𠁣𠁣𠃛𠃛

『封神演義』第十三回中、 民國66年河洛圖書出版社刊『白話本封神演義』では119頁に、 「㩕起拳來、或上或下、𠁣𠁣𠃛𠃛、一氣打有一二十拳」 という一文がある。

『漢語大字典』第二版(2010年四川辭書出版社刊)の第1巻33頁の「丨」部に「𠁣」と「𠃛」とが見えていて、 「象声詞。表拳撃声等」と説明され、 この『封神演義』の箇所が引かれているが、 注音符号が記されていない。 1986年の同辞書初版では第1巻の28頁の「丨」部に「𠁣」が、同巻51頁「乙」部に「𠃛」がみえる。 いずれのエントリにも「象声詞。拳撃声」と説かれるが、 やはり発音がどうなのか書いてない。

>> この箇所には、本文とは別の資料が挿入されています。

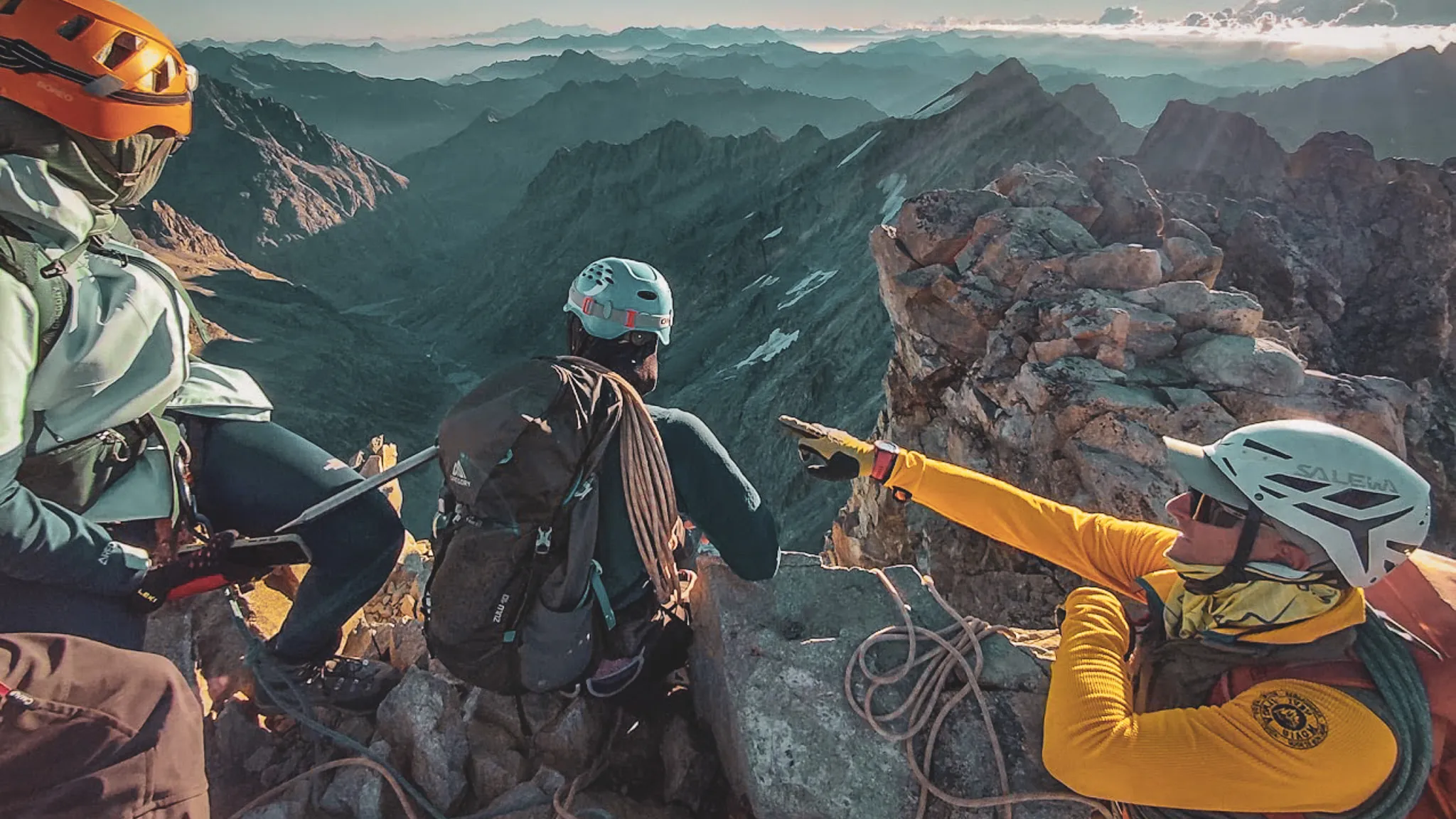 Trois alpinistes sur un sommet, admirant des paysages montagneux à couper le souffle dans les Écrins.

拳撃と言うのだから「乒乒乓乓ぴんぴんぱんぱん」のような音かと思うが、 『三刻拍案驚奇』第二回に「一日赴館、往一鐵店門前過、只聽得𠁣𠁣𠃛𠃛、兩個人大六月立在火爐邊打鐵」という用例があって、これは鍛冶屋が鉄を打つときの音らしい。

「乒乒乓乓」を毆り書きすれば、崩れて「𠁣𠁣𠃛𠃛」のように見えるということもありうるから、つまらぬ訛伝かもしれない。